Our condensed consolidated interim unaudited financial statements for the three and six months ended June 30, 2017 and the related Management's Discussion and Analysis of the operating and financial results can be accessed immediately on our website at www.baytexenergy.com and will be available shortly through SEDAR at www.sedar.com and EDGAR at www.sec.gov/edgar.shtml.

Conference Call Today – August 1, 2017
9:00 a.m. MDT (11:00 a.m. EDT)
Baytex will host a conference call today, August 1, 2017, starting at 9:00am MDT (11:00am EDT). To participate, please dial toll free in North America 1-866-226-4099 or international 1-647-427-2258. Alternatively, to listen to the conference call online, please enter http://edge.media-server.com/m/p/fb4ofhpe in your web browser.



An archived recording of the conference call will be available approximately two hours after the event by accessing the webcast link above. The conference call will also be archived on the Baytex website at www.baytexenergy.com.

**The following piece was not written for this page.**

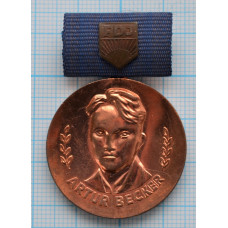 Медаль Артура Беккера, Высшая награда Союза свободной немецкой молодёжи, ВЛКСМ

Advisory Regarding Forward-Looking Statements

In the interest of providing Baytex's shareholders and potential investors with information regarding Baytex, including management's assessment of Baytex's future plans and operations, certain statements in this press release are "forward-looking statements" within the meaning of the United States Private Securities Litigation Reform Act of 1995 and "forward-looking information" within the meaning of applicable Canadian securities legislation (collectively, "forward-looking statements"). In some cases, forward-looking statements can be identified by terminology such as "anticipate", "believe", "continue", "could", "estimate", "expect", "forecast", "intend", "may", "objective", "ongoing", "outlook", "potential", "project", "plan", "should", "target", "would", "will" or similar words suggesting future outcomes, events or performance. The forward-looking statements contained in this press release speak only as of the date thereof and are expressly qualified by this cautionary statement.

Specifically, this press release contains forward-looking statements relating to but not limited to: our business strategies, plans and objectives; our 2017 production and capital expenditure guidance; our Eagle Ford assets, including our assessment that it is a premier oil resource play, the cost to drill, complete and equip a well and initial production rates from new wells drilled in Q2/2017; our Peace River assets, including that the area has some of the strongest capital efficiencies in the oil and gas industry and initial production rates from wells drilled in H1/2017; our belief that we have strong financial liquidity and that our liquidity position will remain stable going forward; our target for exploration and development capital expenditures to approximate funds from operations; the effect that a strengthening Canada-U.S. dollar exchange rate will have on our U.S. dollar denominated debt; that our U.S. operations mitigate our exposure to fluctuations in the Canada-U.S. dollar exchange rate; our ability to partially reduce the volatility in our funds from operations by utilizing financial derivative contracts for commodity prices, heavy oil differentials and interest and foreign exchange rates; the percentage of our anticipated 2017 and 2018 oil and natural gas production that is hedged; and our expected royalty rate and per boe operating, transportation, general and administrative and interest costs for 2017. In addition, information and statements relating to reserves and contingent resources are deemed to be forward-looking statements, as they involve implied assessment, based on certain estimates and assumptions, that the reserves and contingent resources described exist in quantities predicted or estimated, and that they can be profitably produced in the future.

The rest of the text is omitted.